Take the data below and write it out exactly, except for the pictures.

··· Data extracts

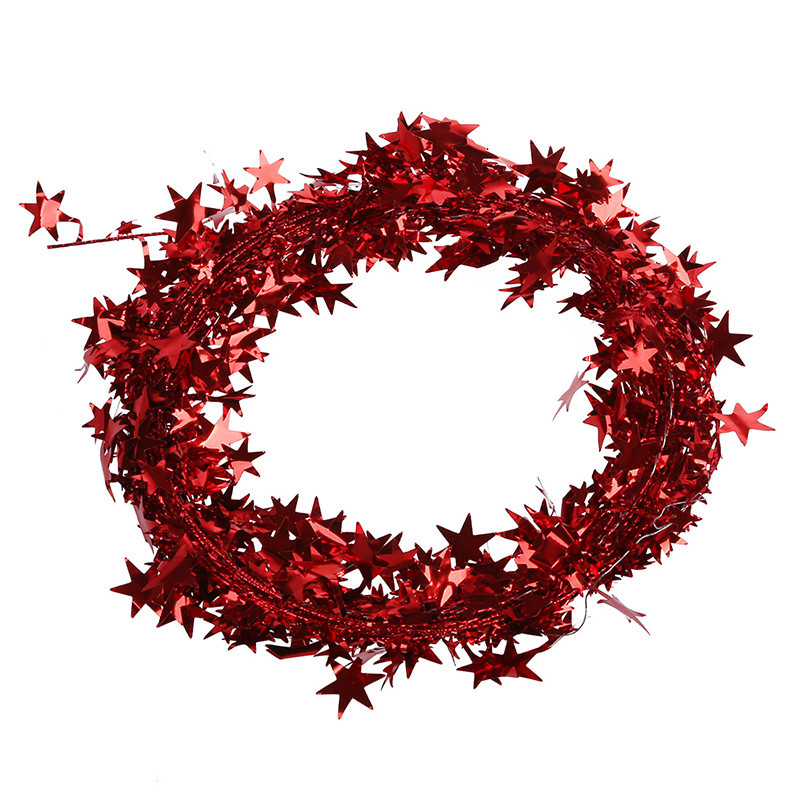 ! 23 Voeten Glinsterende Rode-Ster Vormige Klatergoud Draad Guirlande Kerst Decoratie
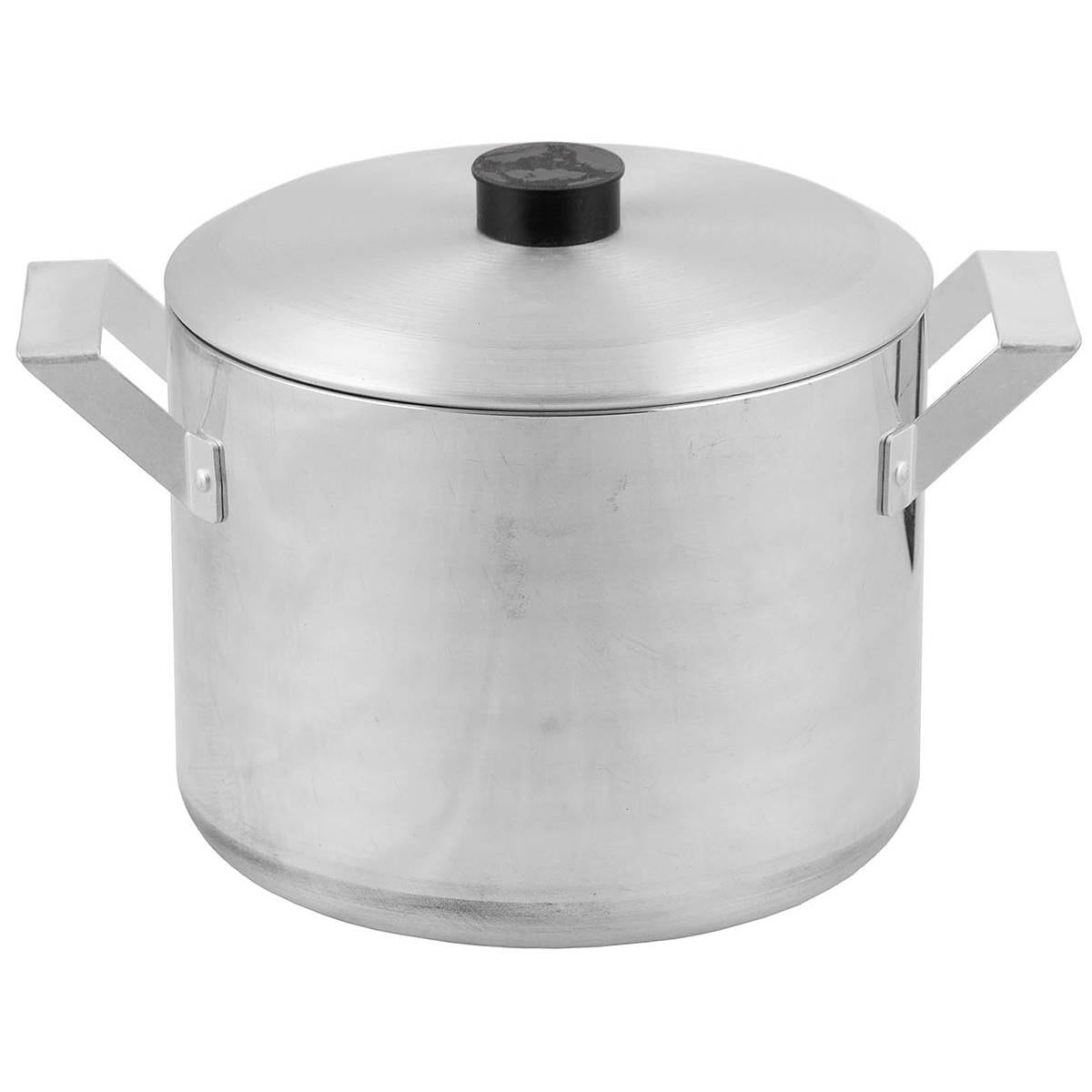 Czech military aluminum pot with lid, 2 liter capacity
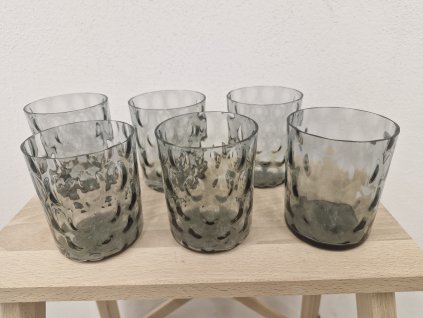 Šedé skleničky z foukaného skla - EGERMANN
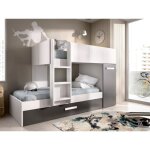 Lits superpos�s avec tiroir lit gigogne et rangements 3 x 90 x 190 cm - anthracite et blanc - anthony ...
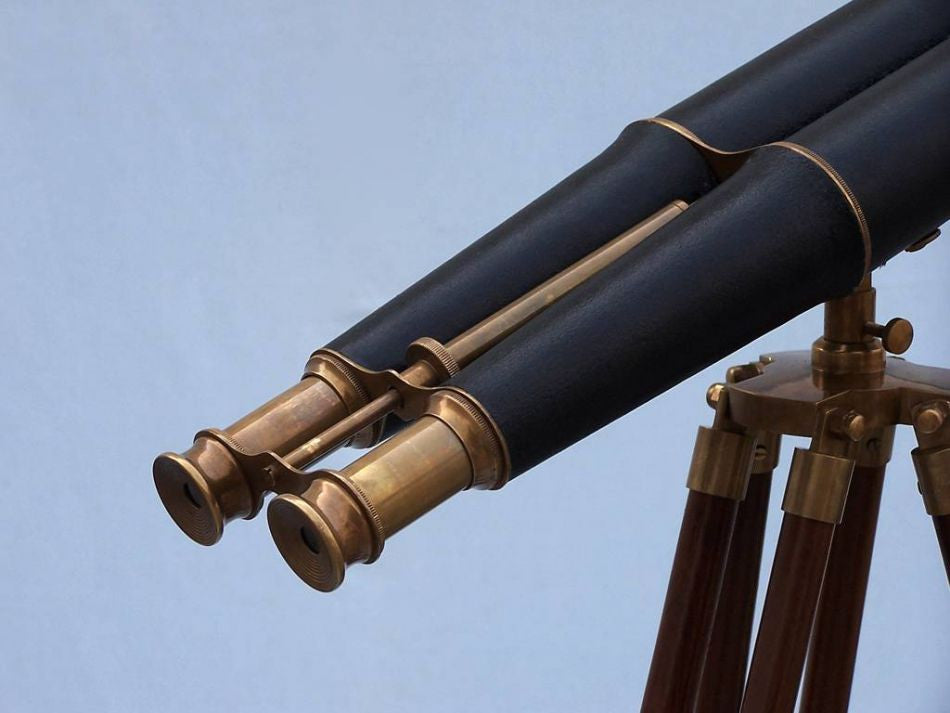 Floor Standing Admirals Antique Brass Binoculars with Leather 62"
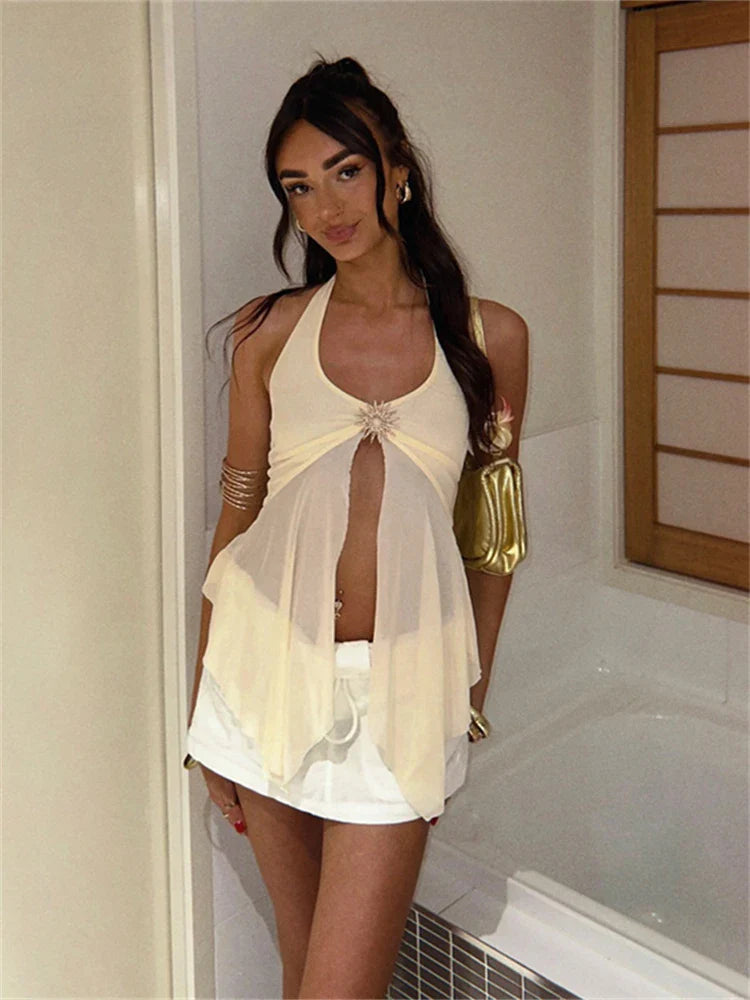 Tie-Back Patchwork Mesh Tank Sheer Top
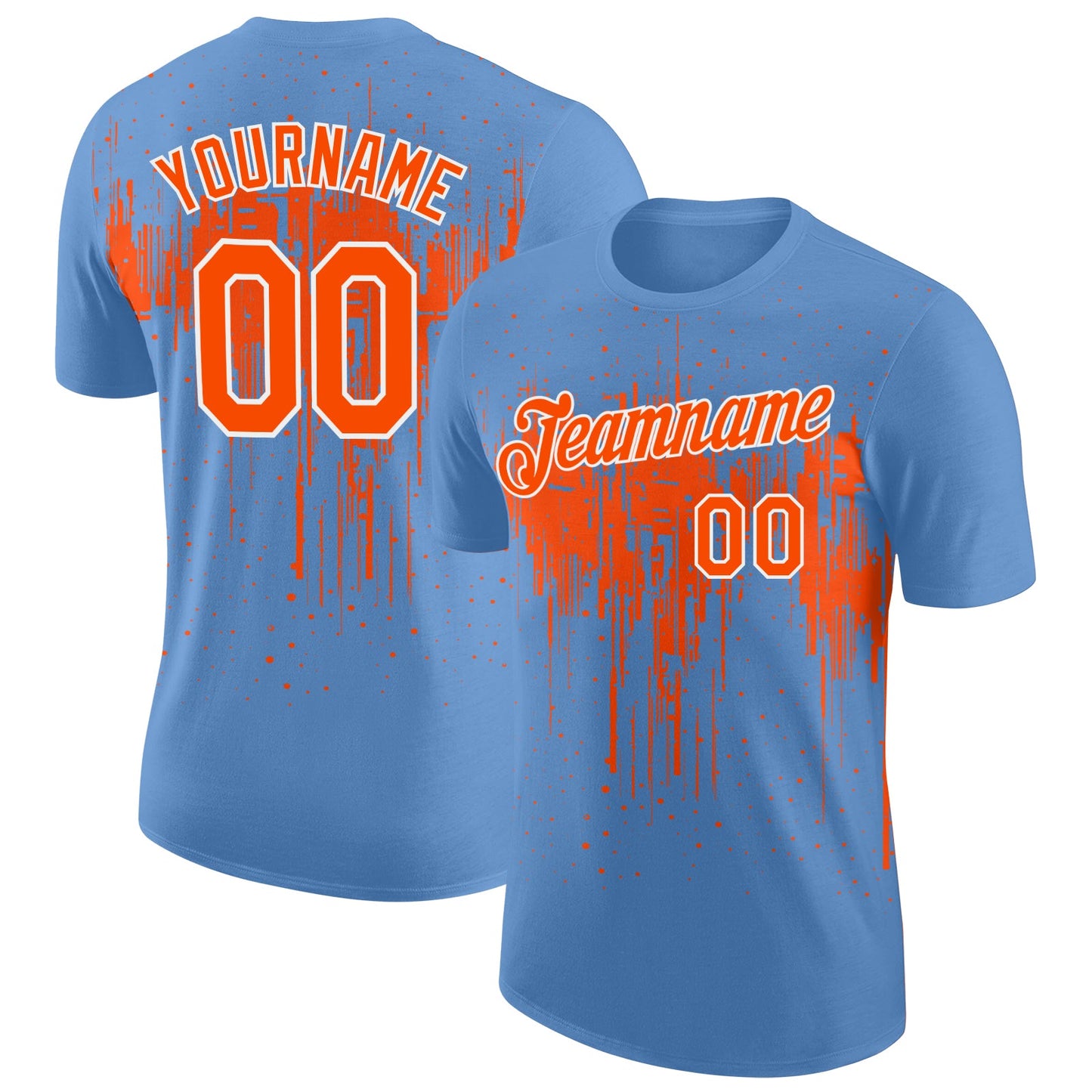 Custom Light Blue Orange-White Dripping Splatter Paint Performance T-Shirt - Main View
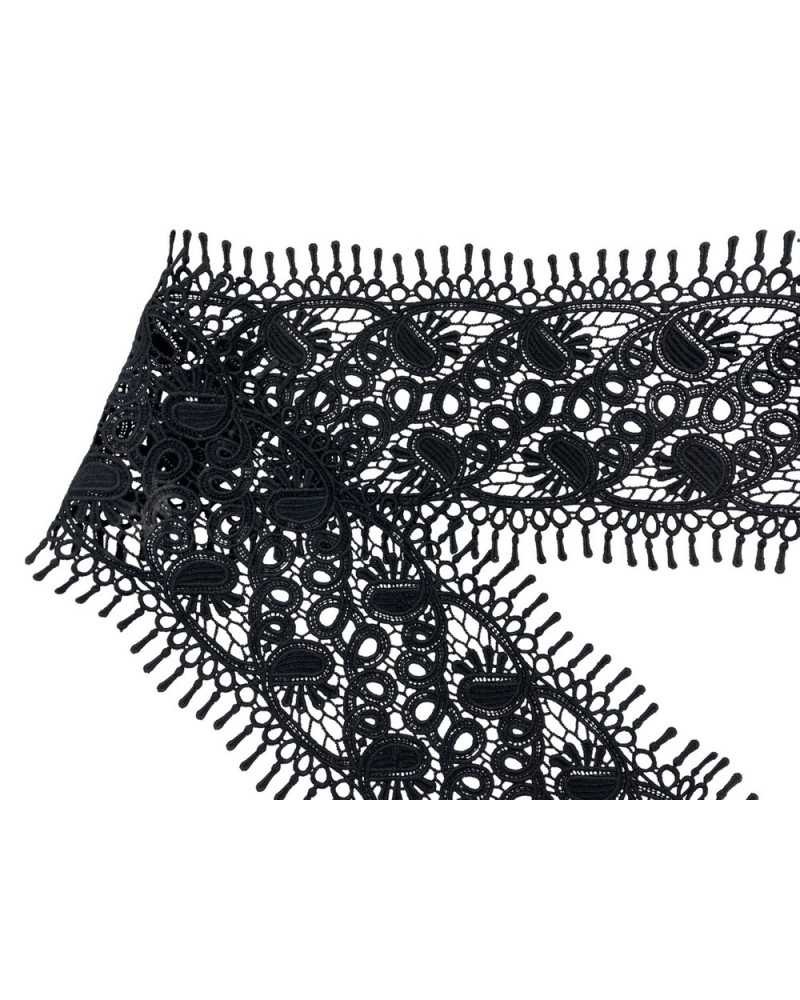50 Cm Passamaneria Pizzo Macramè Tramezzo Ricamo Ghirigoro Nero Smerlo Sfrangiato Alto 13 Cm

······

Solution to the problem:
 ! 23 Voeten Glinsterende Rode-Ster Vormige Klatergoud Draad Guirlande Kerst Decoratie
 Czech military aluminum pot with lid, 2 liter capacity
 Šedé skleničky z foukaného skla - EGERMANN
 Lits superpos�s avec tiroir lit gigogne et rangements 3 x 90 x 190 cm - anthracite et blanc - anthony ...
 Floor Standing Admirals Antique Brass Binoculars with Leather 62"
 Tie-Back Patchwork Mesh Tank Sheer Top
 Custom Light Blue Orange-White Dripping Splatter Paint Performance T-Shirt - Main View
50 Cm Passamaneria Pizzo Macramè Tramezzo Ricamo Ghirigoro Nero Smerlo Sfrangiato Alto 13 Cm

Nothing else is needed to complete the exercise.